Em Buenos Aires, nas primeiras décadas após a independência (1810), eles representavam 30% da população. Hoje, segundo o censo mais recente, 9% são afro-argentinos em todo o território. A Argentina tinha, de acordo com o Banco Mundial, 44,94 milhões de habitantes em 2019.
No campo político, o ex-presidente Macri afirmou, na abertura de seu discurso no Fórum Econômico de Davos, em 2018, ao cumprimentar a plateia, que "somos todos descendentes da Europa".
Em 9 de julho de 2016, data em que a independência argentina é celebrada, Macri disse que os "independentistas argentinos devem ter sentido uma grande angústia por terem de se separar da Espanha". A declaração foi dada na presença do hoje rei emérito Juan Carlos, chamado de "querido rei" pelo ex-presidente.
Já o peronista Carlos Menem, também ex-presidente, negou em um discurso na Universidade de Maastricht, na Holanda, em 1993, que o país tivesse negros.
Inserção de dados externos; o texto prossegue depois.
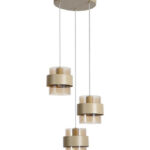 Searchlight Electric  hanglamp Royal - Zand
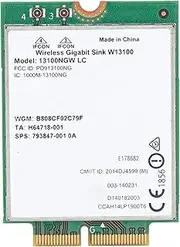 Network Card,for Intel 13100NGW W13100 802.11ad 802.11AC NGFF 4.0 Wireless Network Card, Network Card for Intel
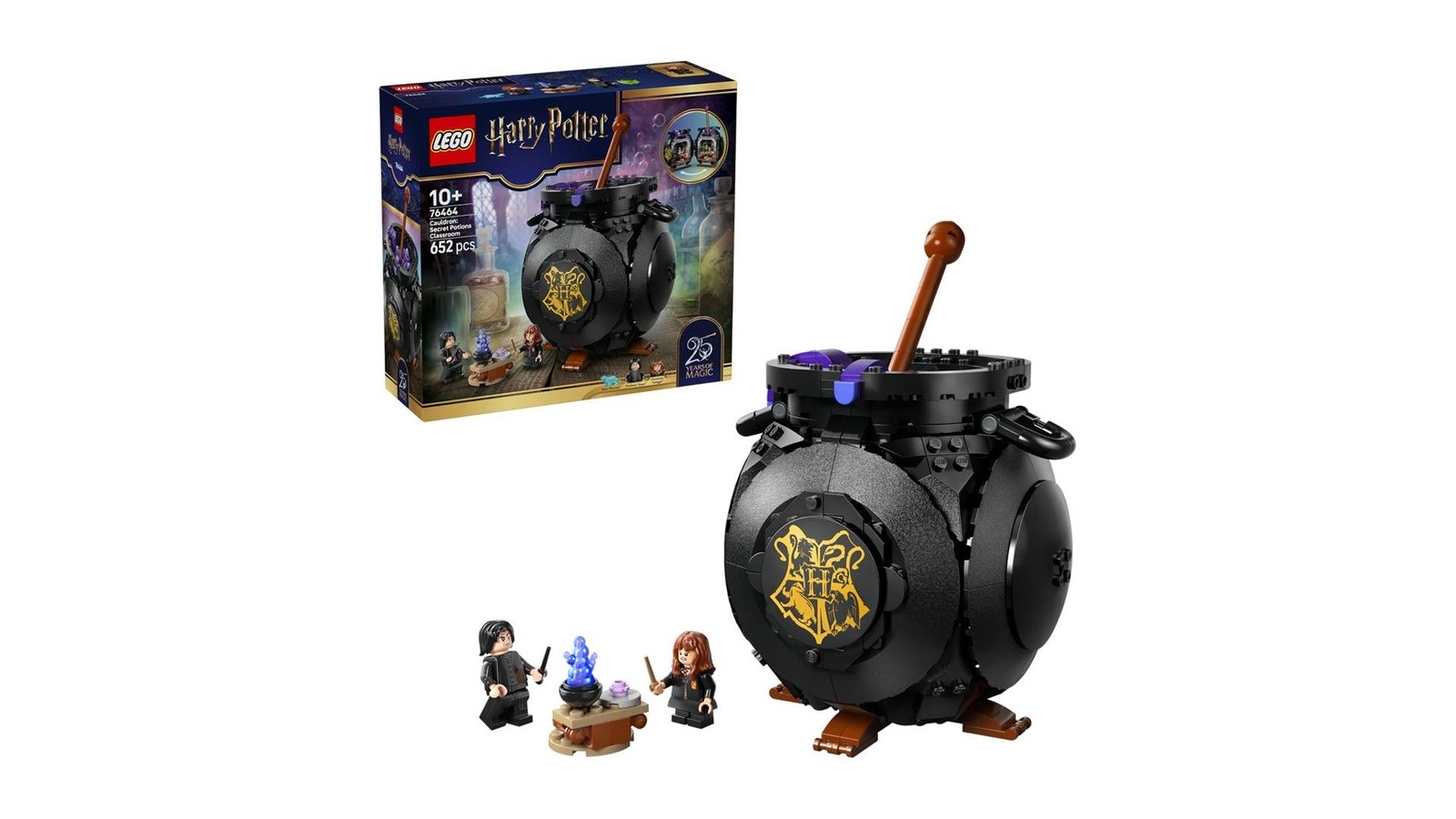 lego-harry-potter-toverdrankenklaslokaal-76464-verpakking-ketel-minifiguren LEGO Harry Potter 76464 Ketel met Toverdrankenklaslokaal 76464 met verpakking en minifiguren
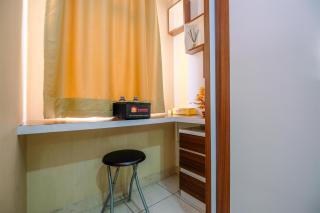 Elegant and Nice Studio at Springlake Summarecon Apartment By Travelio - Bekasi - 4
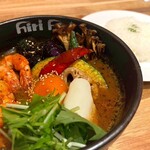 スープカリー ヒリヒリオオドオリ - 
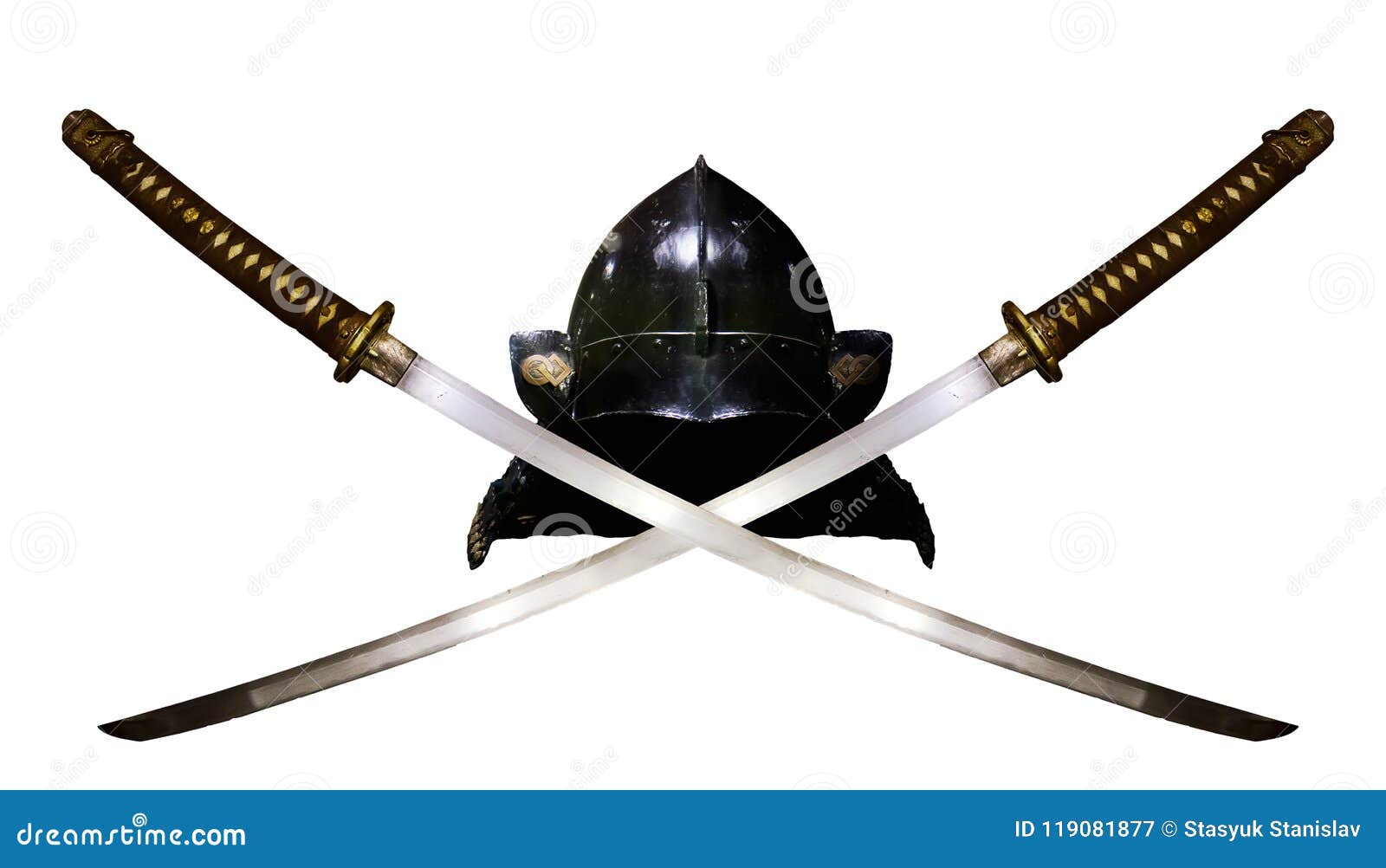 Crossed swords illustration Black and White Stock Photos & Images - Alamy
Ao ser questionado sobre a escravidão na Argentina, disse que, em 1813, ano da abolição, os negros já haviam morrido, e que esse era "um problema brasileiro".
Agora foi a vez de Fernández, que se apresenta como um nome de centro-esquerda e tem vínculos com organizações que defendem as minorias e os povos indígenas. A fala de Fernández vem num cenário de disputa entre brasileiros e argentinos no âmbito do Mercosul --o bloco regional, formado ainda por Uruguai e Paraguai, discute a reforma da TEC (Tarifa Externa Comum) e a flexibilização das regras de negociação.
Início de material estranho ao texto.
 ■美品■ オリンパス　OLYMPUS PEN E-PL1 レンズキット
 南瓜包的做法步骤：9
Enquanto o Brasil defende uma redução de 20% da tarifa, a Argentina propõe uma redução média de 10,5%, que incidiria principalmente sobre bens intermediários --produtos finais teriam as tarifas na sua maioria preservadas. A gestão de Jair Bolsonaro considera a proposição argentina pouco ambiciosa, e o governo de Buenos Aires, por sua vez, acha que o corte defendido pelo ministro Paulo Guedes (Economia) é profundo demais, constituindo um risco para a indústria do país.